The People's Joker is a 2022 American queer coming-of-age parody superhero film directed by Vera Drew, and written by Drew and Bri LeRose. The movie premiered on September 13, 2022, at the 2022 Toronto International Film Festival, but planned re-screenings of the movie were canceled due to "rights issues". The movie unofficially parodies characters from the Batman comics, and the main character is a transgender woman based on the Joker, played by Drew. The film also features Scott Aukerman, Tim Heidecker, Maria Bamford, David Liebe Hart, Robert Wuhl, and Bob Odenkirk in supporting roles.

Premise 
Joker the Harlequin is a transgender woman and aspiring comedian in Gotham City. She teams up with The Penguin and enters an emotionally manipulative relationship with another transgender character called "Mr. J".

Cast 
 Vera Drew as Joker the Harlequin/Vera, a trans woman from Smallville trying to break into the world of stand-up comedy.
 Griffin Kramer as a young, pre-transition Vera, whose deadname is bleeped. 
 Lynn Downey as Vera's mother
 Kane Distler as Mr. J, an emotionally manipulative trans man who is a composite of Jason Todd and the Jared Leto incarnation of the Joker from Suicide Squad.
 Nathan Faustyn as The Penguin, Joker's slacker roommate and another aspiring comedian.
 David Liebe Hart as Ra's al Ghul, the emcee of UCB, Gotham City's only comedy showcase.
 Phil Braun as Batman, a closeted gay man with far-right politics, who was Mr. J's abuser.
 Maria Bamford as Lorne Michaels, the controlling producer of UCB. Saturday Night Live star Sarah Sherman originally voiced the role but asked to be recast following the Toronto Film Festival premiere.
 Christian Calloway as Dr. Jonathan Crane, who prescribes the young Vera with Smilex, an ineffective antidepressant with grotesque side effects.
 Trevor Drinkwater as The Riddler, another aspiring comedian.
 Ruin Carroll as Poison Ivy, a non-binary aspiring comedian.
 Tim Heidecker as Perry White, a belligerent Alex Jones-style political commentator.
 Scott Aukerman as Mr. Freeze
 Bob Odenkirk as Bob the Goon
 Arden Hughes as the UCB Computer
 Mike Vanderbilt as The Creeper
 Robert Wuhl as himself, an actor in superhero films
 Alec Robbins

Production 
In late 2019, co-writer Bri LeRose encouraged Drew to re-edit the film Joker. While working on the re-edit, Drew began to think about how the characters reflected her own life, stating "I knew I needed to do some sort of big creative project around gender, comedy, and mom issues". Drew originally planned to re-edit "every single Batman movie" along with other films to make the movie, but those scenes were later edited out. Drew crowdsourced both the budget for the production and the artwork; more than 100 artists provided backdrops and character animation for the film.

Release 
According to Drew, "a media conglomerate" sent her "an angry letter (misreported as a 'cease and desist') pressuring to not screen" shortly before the premiere. Some media outlets assumed this to be Warner Bros. Discovery, the parent company to DC Comics, but neither Drew nor Warner Bros. have confirmed this.
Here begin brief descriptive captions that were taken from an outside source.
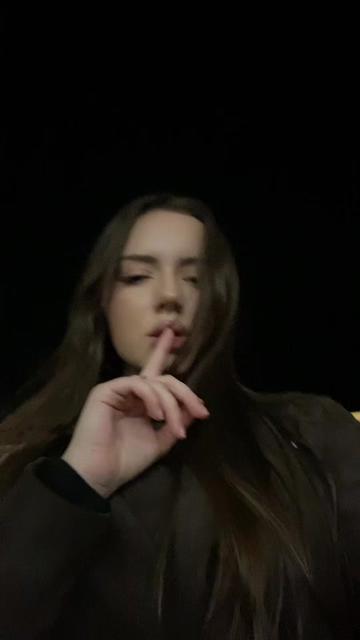 @ddd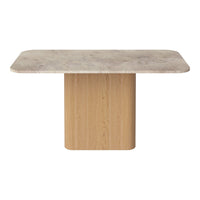 Eida Desk
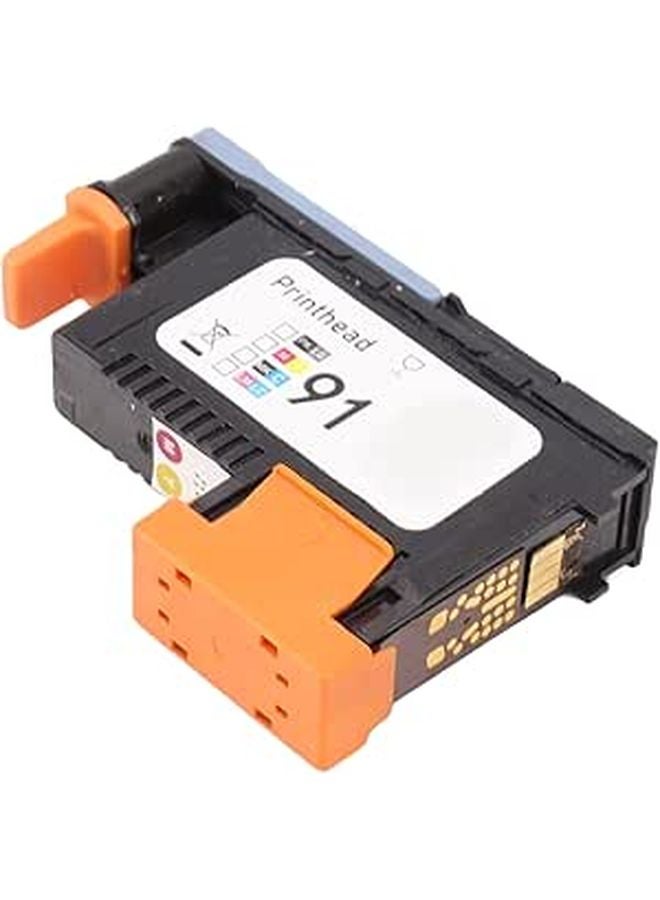 Z6100 Z6100ps Printhead Replacement Kit Professional Inkjet Printer Ink - Image 1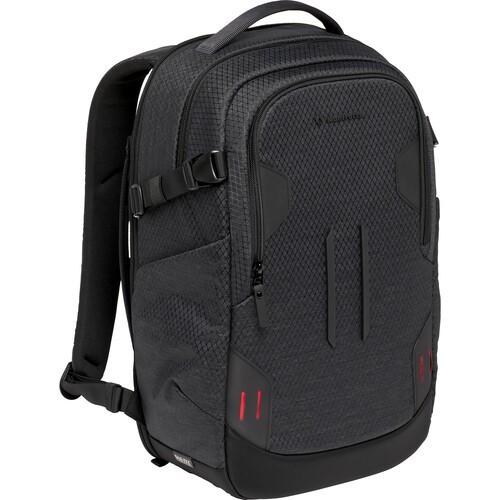 Manfrotto Pro Light Backloader 19L Camera Backpack (Small) #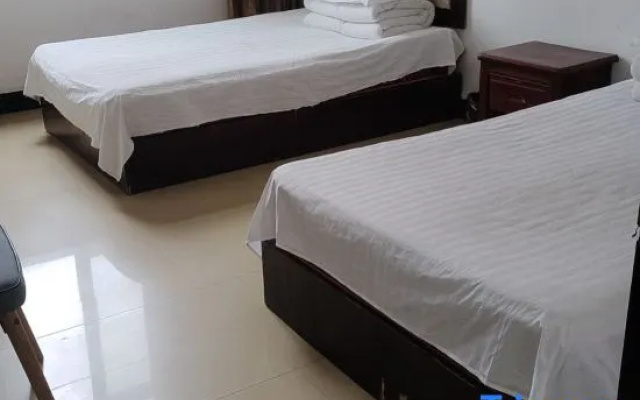Xinxing Hotel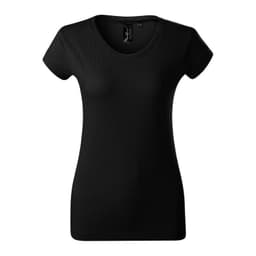 image-Malfini Exclusive T-shirt W MLI-15401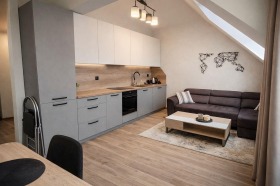 ����� ���� ��� ���� 2-�����,���� �������, ��������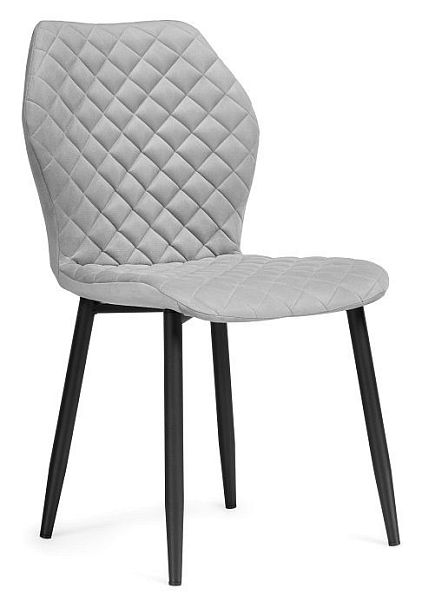 Стул Софи - Вид 7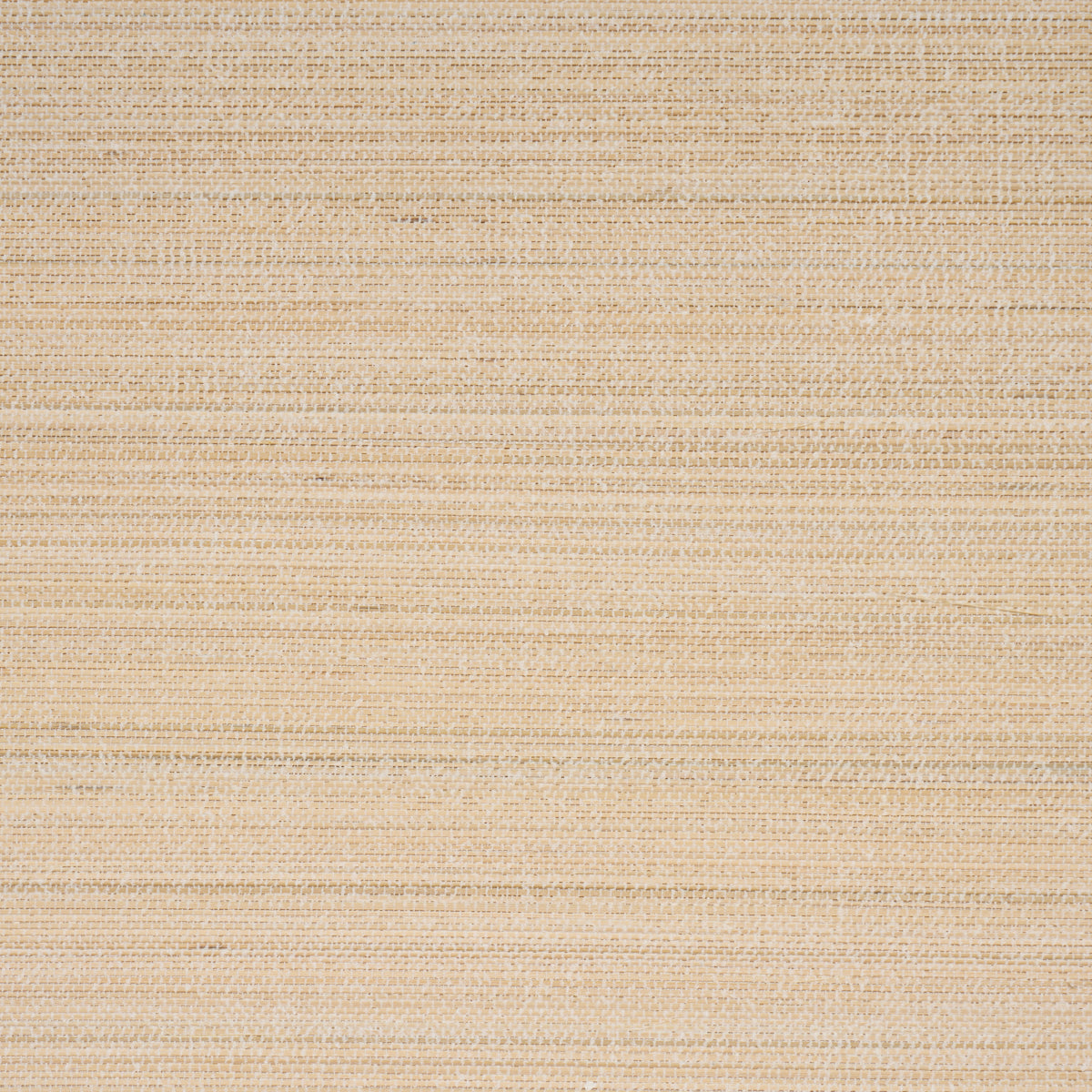 Purchase 5006408 | Zen Bamboo, Bleached - Schumacher Wallpaper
On September 14, 2022, a day after the film had premiered, subsequent screenings of the film were canceled. The website for TIFF stated, "The filmmaker has withdrawn this film due to rights issues". The film has attempted to receive copyright exemption under fair use for being a parody, and a title card displayed before the movie began stated "Any copyright or trademark infringement was not done intentionally", among other things. In a statement to Variety, Drew said: "We’re looking for buyers and distribution partners who will protect us and make this film accessible to trans people and their families everywhere".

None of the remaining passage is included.